Every record here must be copied exactly, except for the images it holds.

· · · ·

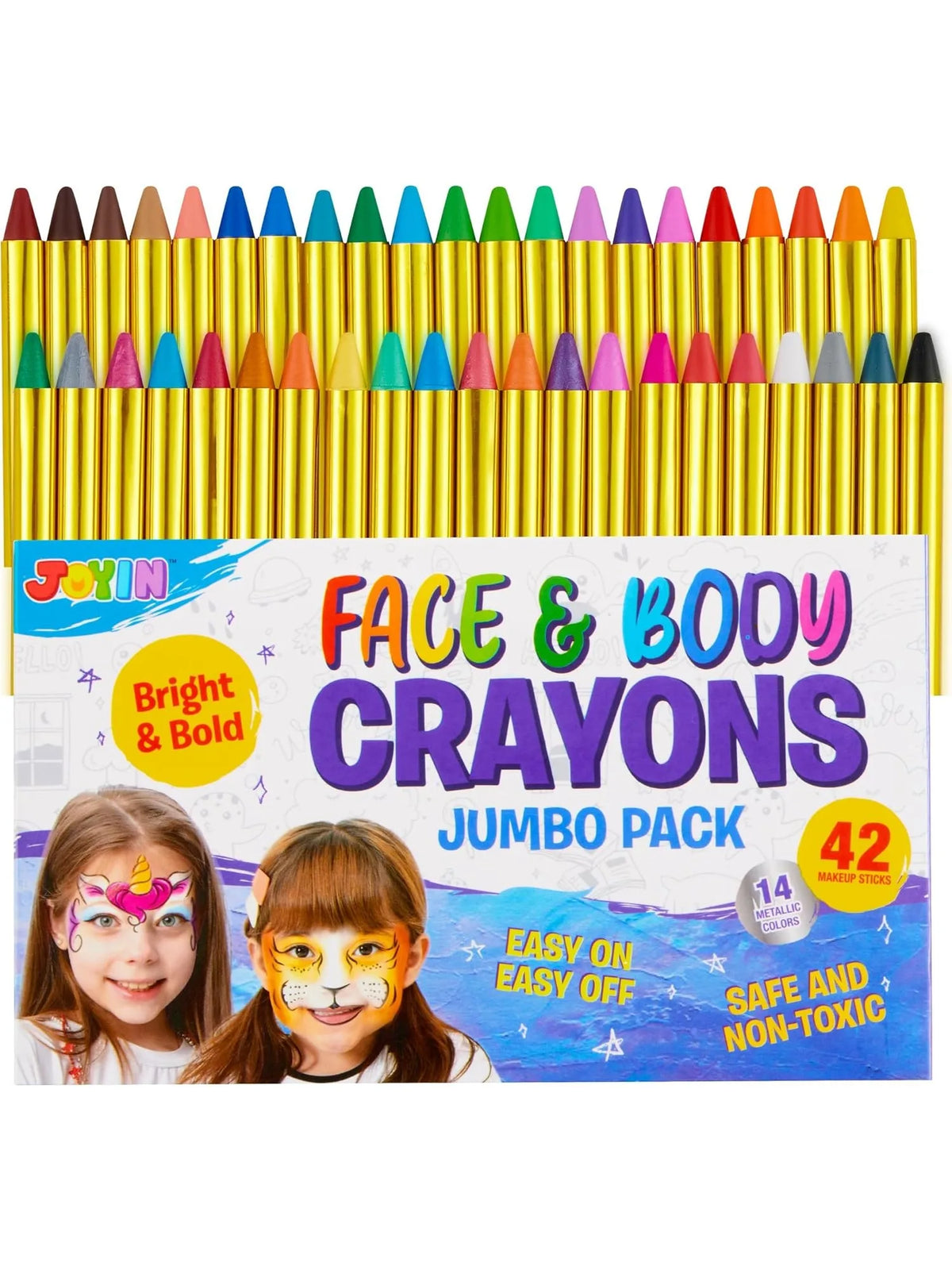 Joyfy Face And Body Paint Crayons Kit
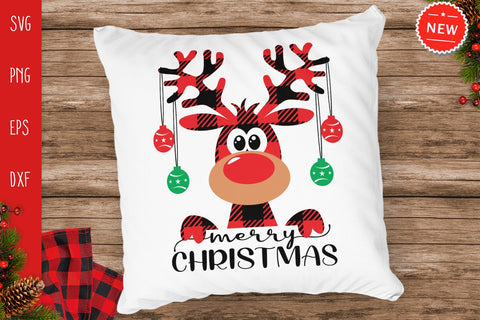 Merry Christmas SVG, Buffalo Plaid Moose SVG, Moose Svg, Buffalo Plaid SVG SVG SvgMonkeys 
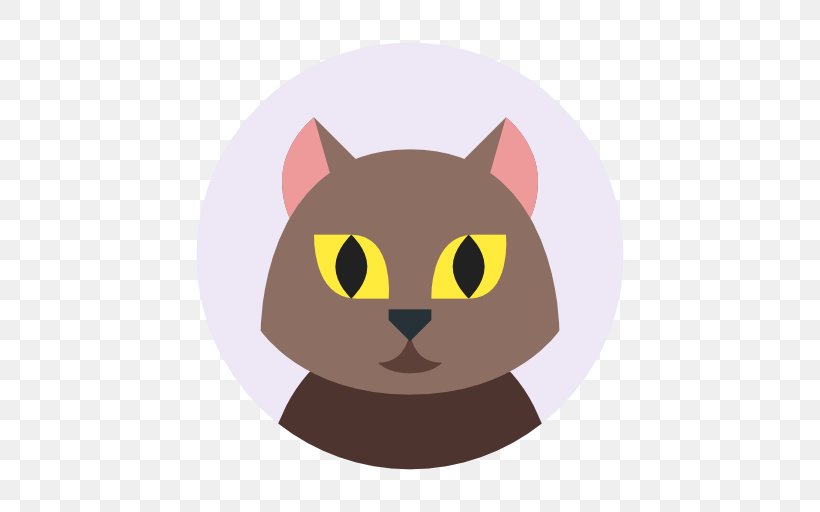Cat User Profile Avatar, PNG, 512x512px, Cat, Avatar, Black Cat,  Carnivoran, Cartoon Download Free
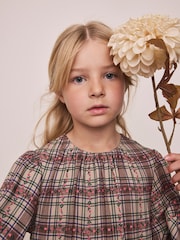 Brown Check Dress (3-16yrs) - Image 5 of 9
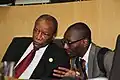 Alpha Condé et Souleymane Camara à Addis-Abeba en janvier 2017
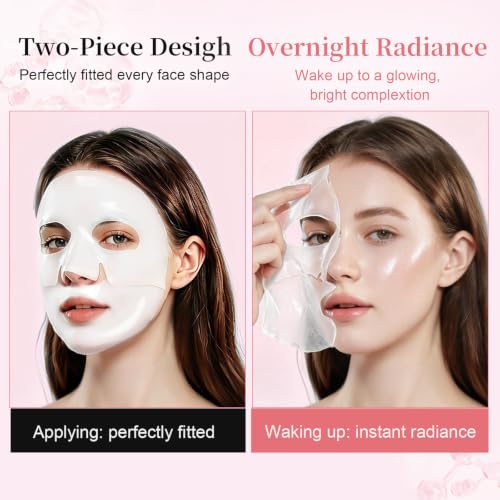NLQ Bio-Collagen Face Mask Overnight Hydrogel Deep Mask - Glass - Product Imagery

· · · ·

Answer space =>
 Joyfy Face And Body Paint Crayons Kit
 Merry Christmas SVG, Buffalo Plaid Moose SVG, Moose Svg, Buffalo Plaid SVG SVG SvgMonkeys 
Cat User Profile Avatar, PNG, 512x512px, Cat, Avatar, Black Cat,  Carnivoran, Cartoon Download Free
 Brown Check Dress (3-16yrs) - Image 5 of 9
 Alpha Condé et Souleymane Camara à Addis-Abeba en janvier 2017
NLQ Bio-Collagen Face Mask Overnight Hydrogel Deep Mask - Glass - Product Imagery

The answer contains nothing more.